Just browsing the websites of these “super gyms” leaves me breathless with rage. I’m fine with the super-rich taking all the yachts and the private jets and the big houses with iceberg basements, but must they also try and take exercise too? The cult of the fitness influencer has already turned exercise into an elite sport in its own right, where everything is about macros, pace, and how much weight you can lift in the gym.
But while exercise can be all these things, it is also a tonic for the soul, not to mention the heart, and has been the single biggest factor in improving my well-being. My other, non-Groucho Marx motto is this: give an hour of your day to exercise, and it will give you 23 back.
But it wasn’t always this way. I used to see exercise as a sort of punishment. I used to think that the only people entitled to it were athletes with a resting heart rate of 42 and a wardrobe full of Lululemon lycra. I thought that if I tried exercise, everyone would laugh at me, and tell me to go to Burger King instead.
It was only through deep despair caused by mental illness that I was forced to prove myself wrong. Two marathons, one triathlon and God knows how many kilometres of swimming and walking later, I am happy to report that exercise is for absolutely everyone, whatever your shape or size or perceived fitness ability.

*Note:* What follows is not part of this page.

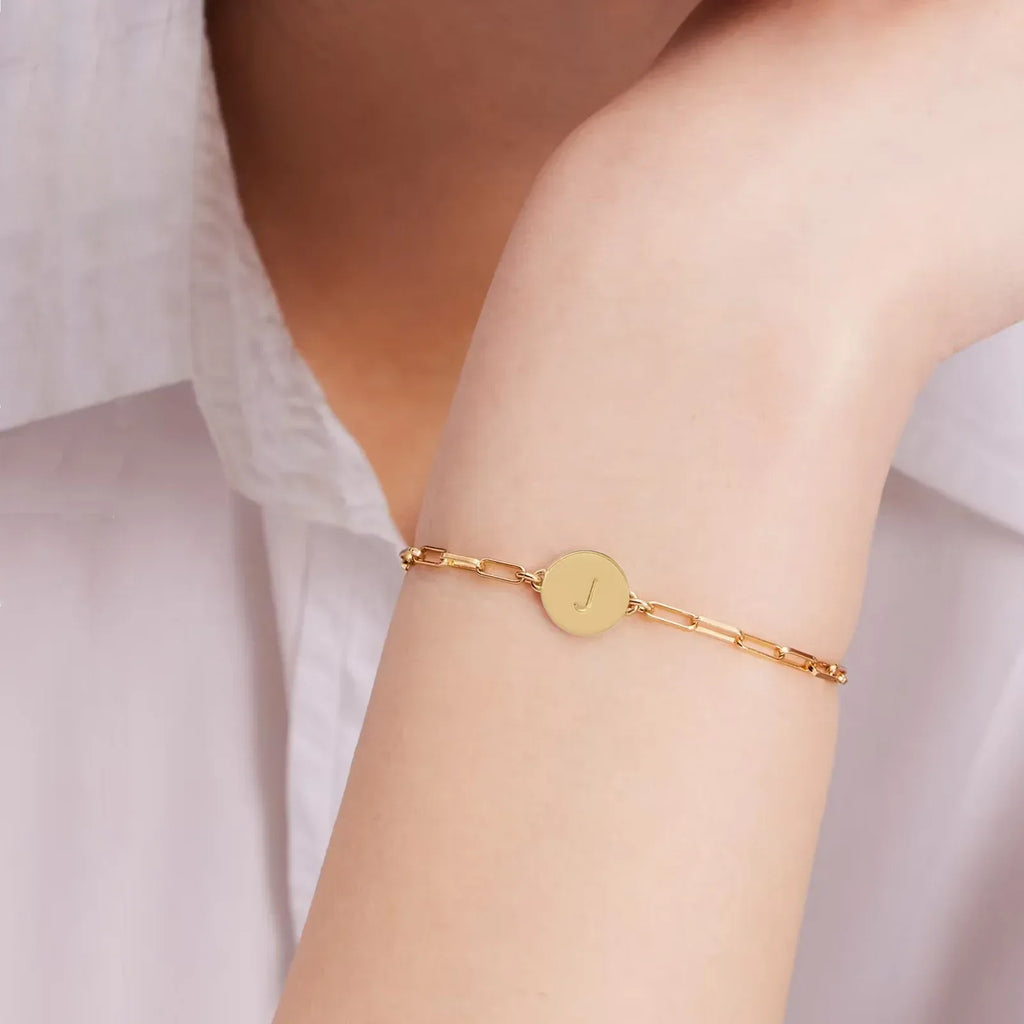 KATE SPADE New York Initial Chain Bracelet in Gold J - flyKAMP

And if the rich used their money to spread the message of exercise, rather than playing gatekeeper to it, the country would be a far happier, healthier place.
Perhaps we should be glad that the uber-wealthy are all holed up in their super gyms, paying hundreds of pounds a month for someone to mop their brow and then inject Botox into it. It at least means that the rest of us can get on with the joyous experience of working out in public parks, for free, without worrying that some businessman wearing several thousand pounds’ worth of workout gear is going to stop us to point out that our form isn’t quite right.
Indeed, the best type of exercise I can think of is to run away, at great speed, from these sinister sounding super gyms. Now that will get the blood pumping, and the endorphins soaring.